Warwick Medical School academics Greg Moorlock and Heather Draper suggest that governments should consider utilising a social media platform akin to Facebook to solicit donations for patients in need of a transplant. Moorlock and Draper suggest that the controlled release of recipient information -- information that takes the recipient from being a “statistical individual” to an “identifiable person” -- could greatly increase the number of organs donated by living donors. The authors write:
One can appeal to people by providing facts, figures, and impartial generalized reports, but something that prompts a stronger and immediate emotional reaction may be more effective at motivating them to provide a solution...using ‘identifiable victims’ within a personalized approach to promoting donation may therefore be an effective way to increase living kidney donation.The authors do not outline a concrete model for their proposal, though they suggest that a government-run website with donor profiles and contact details would be appropriate.

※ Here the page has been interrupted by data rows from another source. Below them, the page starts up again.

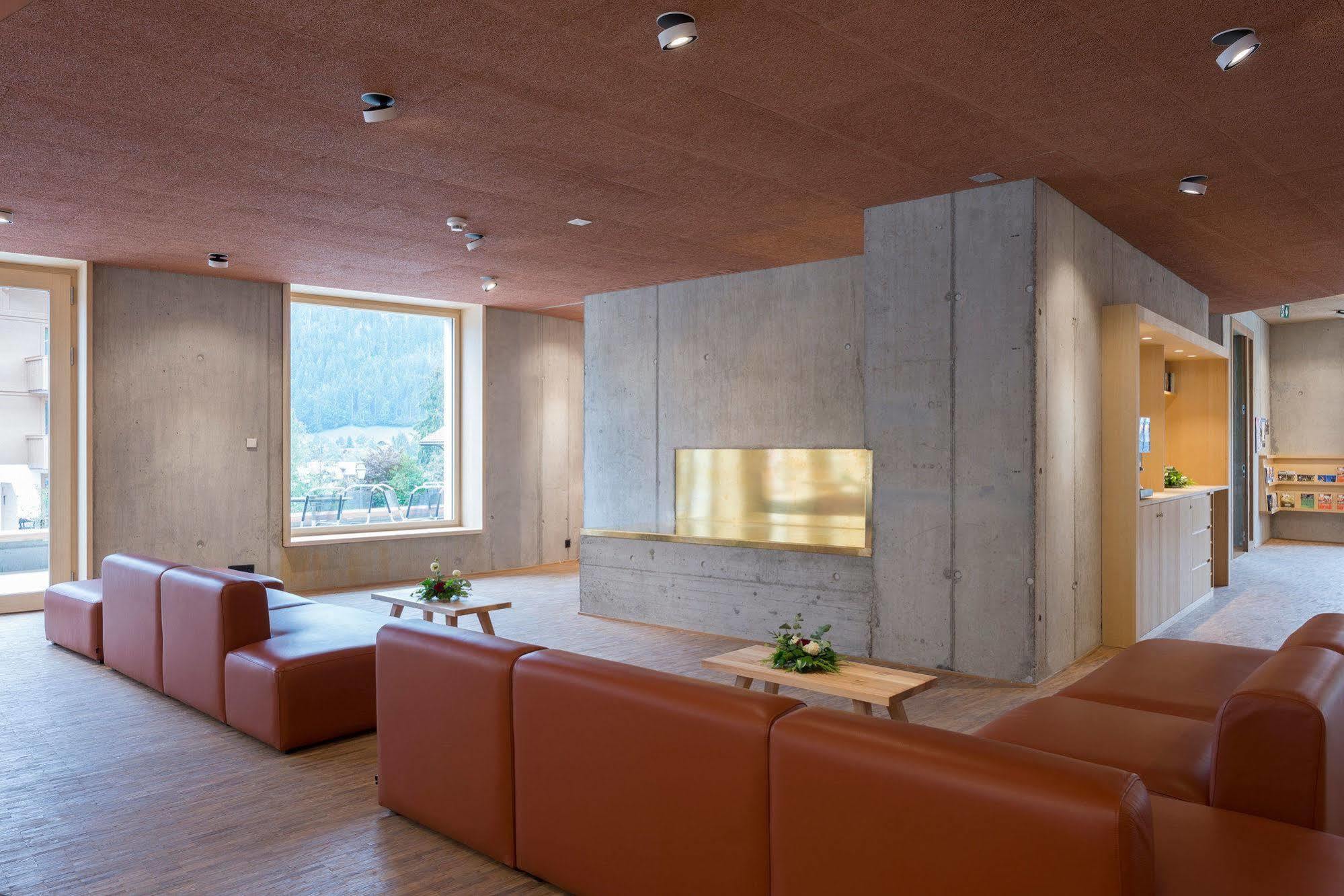 Saanen Gstaad Youth Hostel Екстер'єр фото
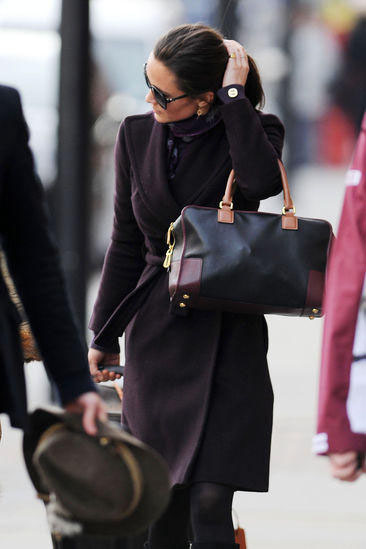 Le borse di lusso di Pippa Middleton: costano 200 sterline ma le cuciono operai pagati 17 penny l’ora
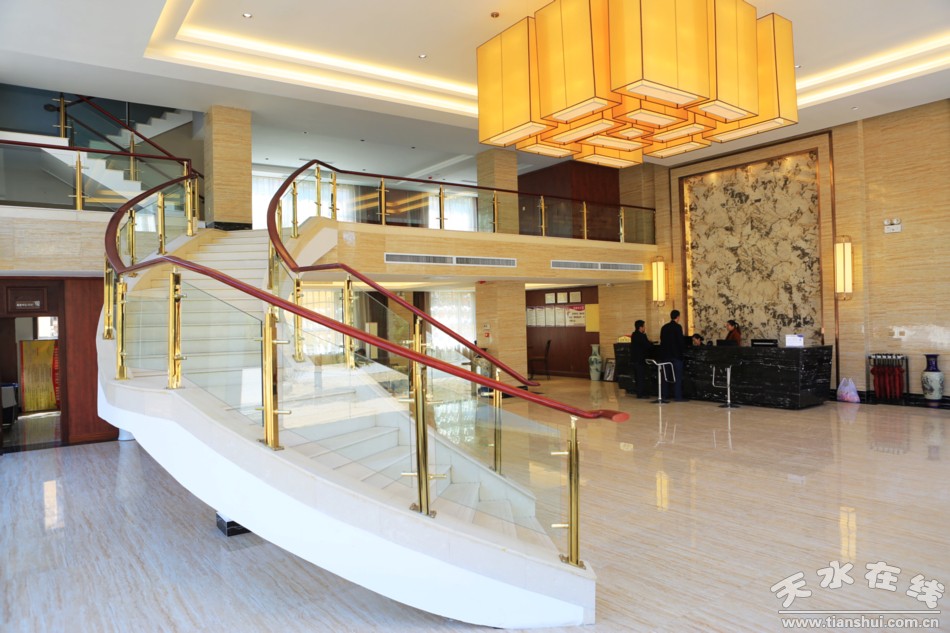 又到花开烂漫时下一句,清明出游来汤峪踏青泡温泉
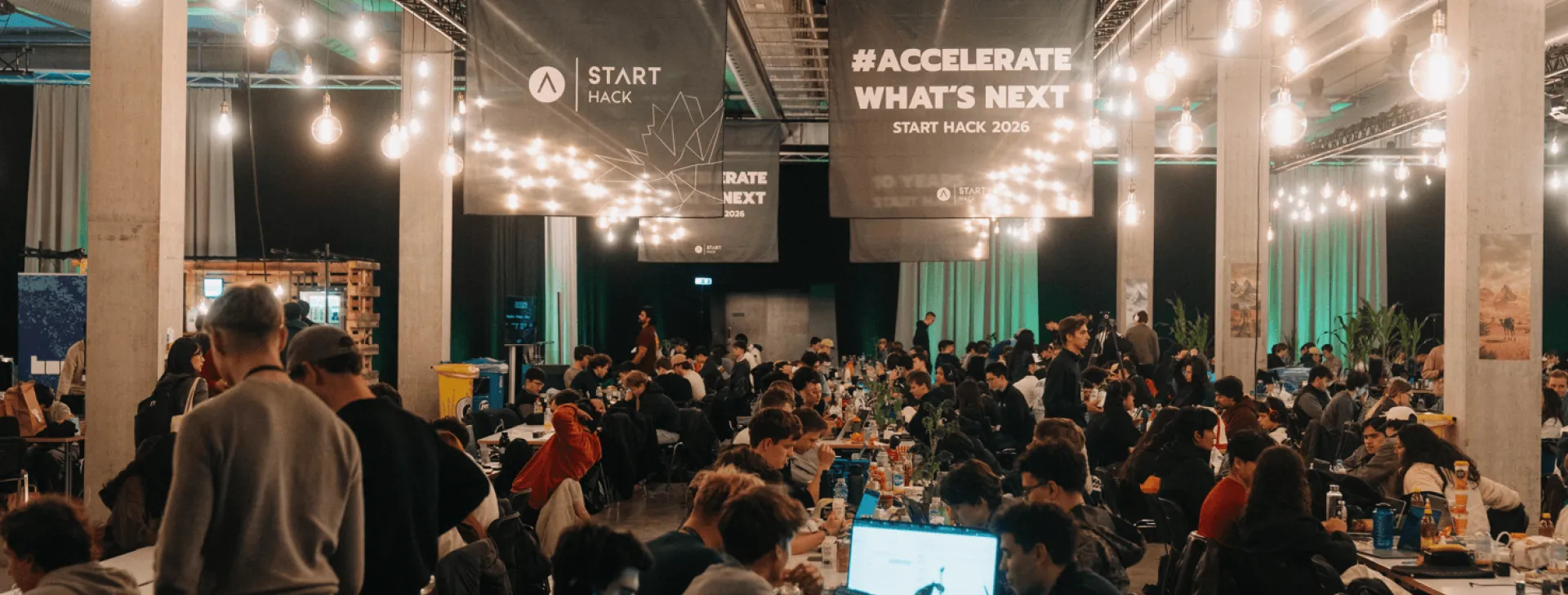 starthack people sitting in the hall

They caution against a range of pitfalls for a state-run donor-recipient matching service. The website could turn into a “beauty-contest”, and it could also be the unwitting catalyst for an underground organ market (by virtue of donors and recipients covertly exchanging money for organs). Yet the authors suggest that the potential for such a service means that it is at least deserving of further research:
Further research exploring responses to social media organ donation campaigns, as well as motivations behind Publically Solicited Donation (PSD), more generally would be extremely helpful for establishing how our suggested approach could be best used...if implemented correctly, [this approach] could increase rates of living kidney donation without significantly undermining the justice of kidney allocation.